As she came into view in front of the reviewing stand I glanced at her mother, Diana Johnstun, and saw her eyes glistening with tears. It is a big moment in life when we see our children getting ready to leave the nest and face the world more alone in life than they could ever imagine.

She plans to attend college this Fall. I am not sure what she will be studying and I do not know whether or not she knows yet for sure. She has a job now as an assistant in a care facility so she may follow that path. (She is working a 12 hours shift there today, sore foot or not.) She has a real love for animals and could end up in a veterinary arena of some kind. Photography is also an interest, so a career as an animal or wildlife photographer?

This is all speculation and dreams on my part. I have no idea what her life goals are.

Katelin is the 3rd of our 6 grandchildren to graduate high school so we are half way there.

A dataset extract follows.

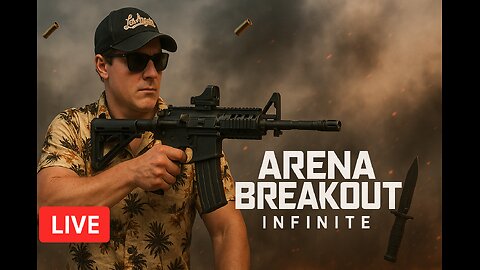 LIVE NOW: Flex Goes Full God Mode in Arena Breakout: Infinite 🔥💪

She has had a rocky road the past couple years so it was really great to see her hang in and reach out for the diploma cover.

I was impressed with all of the graduates. The boys seem so much more mature and the young women so much more poised than when I was that age. I think our future is in good hands.

The only sour note for me was one of the valedictorian speakers said that going forth they must not be rigid like an old large tree but be flexible like a reed. They need to bend with the wind and compromise.

In my mind, this is one thing that is wrong in the world today. Too many people are seeking compromise rather than sticking up for their beliefs and principles. This was especially driven home to me this past week as Dorie and I began watching the award-winning television series “The World At War”.

Neville Chamberlain epitomized a “flexible reed”. Had he and the French had more back-bone, we might never have had a Second World War. We need to be teaching more about history and the dangers of compromise in our schools.

‘Nuff of the soap box. I’ll write more about my own education and the importance of graduating in a future post.

Katelin, we love you and are proud of you! Congratulations!